Parent and teacher questionnaires

  • Psychological evaluation of the child and family
  • A complete work-up, including developmental, mental, nutritional, physical, and psychosocial evaluations
ADHD can be difficult to pin down, and doubly difficult to live with, for both the parents and the child in question. The first step in dealing with the problem is correct diagnosis.

    Article Source: http://www.articlesbase.com/adhd-articles/why-cant-my-child-sit-still-and-pay-attention-1312578.html

    About the Author

    Jennifer K. Gray is the Director of Operations for LessonPathways.com.

    Lesson Pathways is an innovative online curriculum created entirely from INTERNET RESOURCES, making it easy for educators to use educational resources and links, with limited pre-planning time!

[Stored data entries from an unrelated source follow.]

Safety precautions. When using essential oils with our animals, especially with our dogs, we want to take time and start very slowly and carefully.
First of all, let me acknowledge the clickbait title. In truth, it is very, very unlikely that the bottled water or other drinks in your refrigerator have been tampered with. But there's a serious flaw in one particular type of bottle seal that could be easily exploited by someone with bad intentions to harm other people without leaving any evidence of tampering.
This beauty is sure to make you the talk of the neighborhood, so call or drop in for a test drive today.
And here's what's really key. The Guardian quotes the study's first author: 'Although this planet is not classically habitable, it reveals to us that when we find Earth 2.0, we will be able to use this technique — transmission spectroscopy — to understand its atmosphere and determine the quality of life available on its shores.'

    Forms Of Autism In Children - What Are The Types And Forms Of Autism?

    Author:

    Autism Advisor

    Forms Of Autism In Children

    There hold continued a good amount of sorts of autism noted along the spectrum. Each differs by severity. Some kinds are classic autism, autistic disorder or Kanner\'s syndrome, Rett\'s Syndrome, and Asperger\'s Disorder. Forms Of Autism In Children


    Kanner\'s syndrome was named for psychiatrist Leo Kanner who is credited with discovering this syndrome based off of research done on 11 child patients between 1932 and 1943. This is the most severe form of autism. All the children studied demonstrated the same characteristics. There was a lack of emotional contact with others, a desire for sameness and routine, abnormality in speech or muteness, fascination with manipulating objects, and learning difficulties despite an intelligent appearance. Certain sounds or colors can upset people with classic autism.

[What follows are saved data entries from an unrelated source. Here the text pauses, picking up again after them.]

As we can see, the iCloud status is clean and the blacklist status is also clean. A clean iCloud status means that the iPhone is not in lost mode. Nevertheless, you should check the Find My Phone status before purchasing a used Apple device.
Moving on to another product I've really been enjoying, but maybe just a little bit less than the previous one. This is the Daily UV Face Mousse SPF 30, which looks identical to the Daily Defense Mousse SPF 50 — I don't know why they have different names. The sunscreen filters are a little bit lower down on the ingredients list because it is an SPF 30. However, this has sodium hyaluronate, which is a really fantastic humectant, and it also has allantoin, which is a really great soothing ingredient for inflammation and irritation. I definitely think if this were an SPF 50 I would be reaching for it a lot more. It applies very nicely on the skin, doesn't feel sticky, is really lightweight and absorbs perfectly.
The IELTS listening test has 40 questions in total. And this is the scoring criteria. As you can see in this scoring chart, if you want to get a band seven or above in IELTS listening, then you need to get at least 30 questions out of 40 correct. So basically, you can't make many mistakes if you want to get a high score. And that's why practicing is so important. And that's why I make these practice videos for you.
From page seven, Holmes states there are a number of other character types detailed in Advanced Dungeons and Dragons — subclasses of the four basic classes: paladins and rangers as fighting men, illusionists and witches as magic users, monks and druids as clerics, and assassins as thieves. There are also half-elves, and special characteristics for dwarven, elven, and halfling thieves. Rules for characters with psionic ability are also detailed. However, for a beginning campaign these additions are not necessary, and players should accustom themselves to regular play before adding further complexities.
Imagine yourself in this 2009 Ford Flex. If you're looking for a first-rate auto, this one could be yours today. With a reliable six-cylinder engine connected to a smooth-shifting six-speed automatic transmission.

    Hans Asperger of Vienna discovered Asperger\'s disorder in 1944, around the same time as Kanner. However, many until the 1980s when his work was translated to English did not know his studies. Asperger\'s studies concluded some similar findings as Kanner, with one major distinguishing feature, the subjects of Asperger\'s studies were vocal. People with Asperger\'s are not found to have language delays. Nor do they have delays in cognition. Forms Of Autism In Children


    Childhood Disintegrative Disorder is a type of autism that has developed in children later on between the ages of 2 and 4. Children who suffer with this condition once appeared normal. However, somewhere down the road they stopped talking, lost potty-training skills and stopped socializing with others. Oftentimes they fail to make friends and lose motor skills. Forms Of Autism In Children


    Dr. Andreas Rett identified Rett\'s syndrome in 1965. Rett\'s syndrome is established as being a neurological degenerative disorder that affects only girls. Rett\'s syndrome is marked with poor head growth. Many times girls with this disorder repeat hand motions like hand washing and clapping. The discovery of the gene responsible for the onset of Rett\'s syndrome was found late in 1999. Don\'t let your love ones suffer anymore! Lead them out through Forms Of Autism In Children program now!

    Article Source: http://www.articlesbase.com/adhd-articles/forms-of-autism-in-children-what-are-the-types-and-forms-of-autism-1872549.html

    About the Author

    Feeling lost without solutions? Forms Of Autism In Children is a proven Autism Solution for your Child.